5 Replies
      Latest reply on Nov 12, 2019 12:38 AM by eskimo
      sourabDream Level 1 Level 1 (0 points)

        Hello,

         

        I am using NEPacketTunnelProvider in my application to create a VPN configuration. I am using inbuilt IPSec/IKEv2 only as the VPN protocol. Now I am facing issues with the ISAKMP version of the protocol.

         

        There are two scenarios where I am getting two different versions of ISAKMP-

        Scenario 1 (Successful case): I have created a VPN Profile manually in my iPhone with server details and its connecting properly. I am getting this log in my VPN server where ISAKMP version is 2.0-

         


        Internet Security Association and Key Management Protocol

            Initiator SPI: 5da12cee4eac9d03

            Responder SPI: 526105b4b9cc92c0

            Next payload: Encrypted and Authenticated (46)

            Version: 2.0

                0010 .... = MjVer: 0x2

                .... 0000 = MnVer: 0x0


        Scenario 2 (Failure case): I am creating a VPN profile through NEPacketTunnelProvider and trying to connect to server where I am getting this log of ISAKMP version (0.8)-

         

        Internet Security Association and Key Management Protocol

            Initiator SPI: 4500004541930000

            Responder SPI: ff115ffa0a0a0001

            Next payload: Hash (8)

            Version: 0.8

                0000 .... = MjVer: 0x0

                .... 1000 = MnVer: 0x8


        Now I want to change this version to 0.8 from my application, but I cant see any keywords which is available to NEPacketTunnelProvider.
        Please let me know if I need to share more details on that.
        TIA.

        • Re: How to set ISAKPM version using NEPacketTunnelProvider with IKEv2 protocol
          eskimo Apple Staff Apple Staff (12,325 points)

          I am using NEPacketTunnelProvider in my application to create a VPN configuration. I am using inbuilt IPSec/IKEv2 only as the VPN protocol.

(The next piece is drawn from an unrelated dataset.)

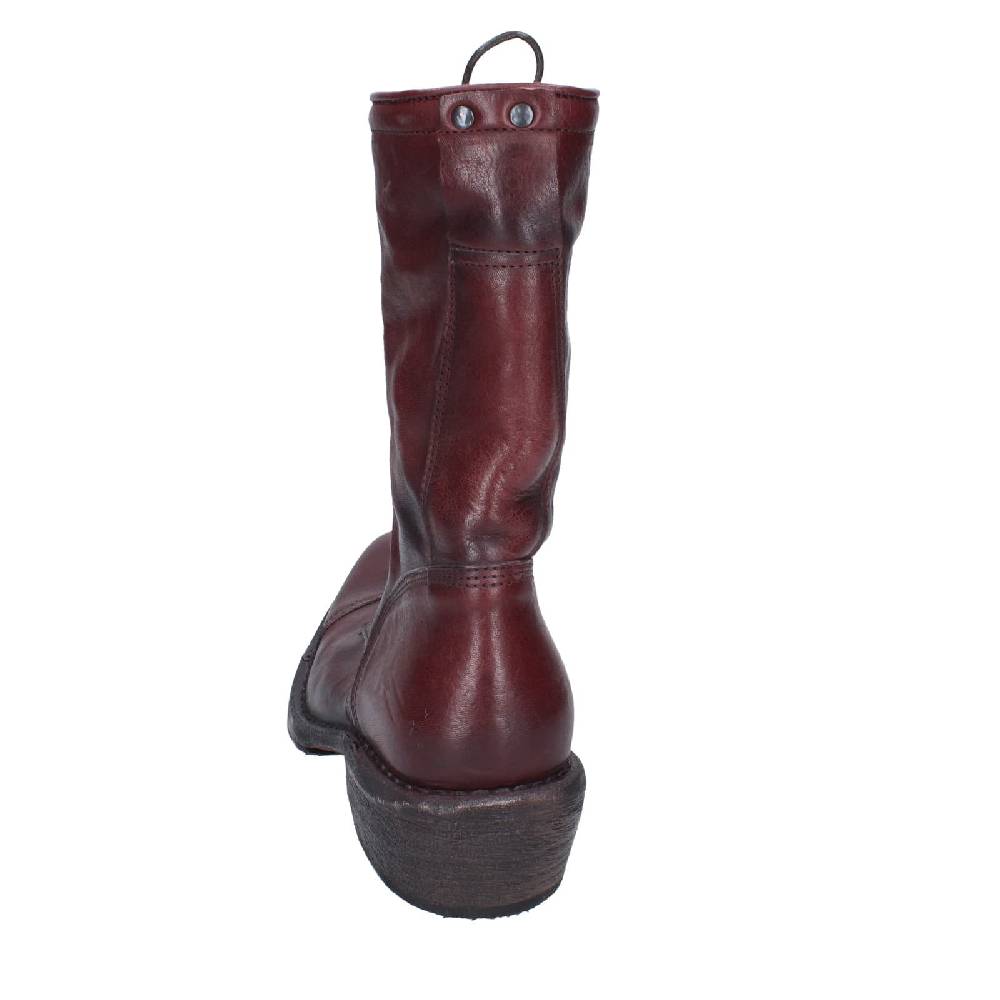 scarpe donna MOMA stivaletti bordeaux pelle 77301C EY564 Hotsell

          I’m confused.  The NEPacketTunnelProvider class forms a basis for a NetworkExtension packet tunnel provider, which is only necessary if you’re implementing a custom VPN protocol.  By you’re also saying that you want to use the built-in VPN clients.  Are you implementing your own version of IPsec / IKEv2?  Or something else?

          Share and Enjoy

          Quinn “The Eskimo!”
          Apple Developer Relations, Developer Technical Support, Core OS/Hardware
          let myEmail = "eskimo" + "1" + "@apple.com"

            • Re: How to set ISAKPM version using NEPacketTunnelProvider with IKEv2 protocol
              sourabDream Level 1 Level 1 (0 points)

              We are using our application for Enterprise organisations. So, we need our application in ‘VPN CONFIGURATIONS’ instead of in ‘PERSONAL VPN’. Earlier we used NEVPNManager and it landed up in ‘PERSONAL VPN’ and it worked properly with our VPN Server which is using IPSec/IKEv2 Protocol.
              Now, we want the same profile to be in ‘VPN CONFIGURATIONS’ for which we need to use NETunnelProvider. As our backend VPN Server is using IPSec/IKEv2 Protocol so, we want to use inbuilt IPSec/IKEv2 Protocol of iOS as the VPN Protocol.


              How I tried to use inbuilt IKEv2 protocol is followed this-

               

              self.vpnManager.protocolConfiguration = self.ikev2Type()

               

              where the body of self.ikev2Type() is something like this-

               

              func ikev2Type() -> NEVPNProtocolIKEv2 {

                      let vpnProtocolIKEv2 = NEVPNProtocolIKEv2()

               

                      vpnProtocolIKEv2.serverAddress = Constant.serverAddress

                      vpnProtocolIKEv2.remoteIdentifier = Constant.remoteIdentifier

                // Other setup related to IKEv2 Protocol

                ……………

                ……………

                    

                      return vpnProtocolIKEv2

                  }

               

              What I have tried is to use inbuilt IKEv2 protocol as a helper and setting the same object of protocolConfiguration. Thats how I am trying to use inbuilt IKEv2 protocol of iOS. Please let me know, if I am going to right direction or not. Otherwise what I can do further to make it work.
              TIA.

                • Re: How to set ISAKPM version using NEPacketTunnelProvider with IKEv2 protocol
                  eskimo Apple Staff Apple Staff (12,325 points)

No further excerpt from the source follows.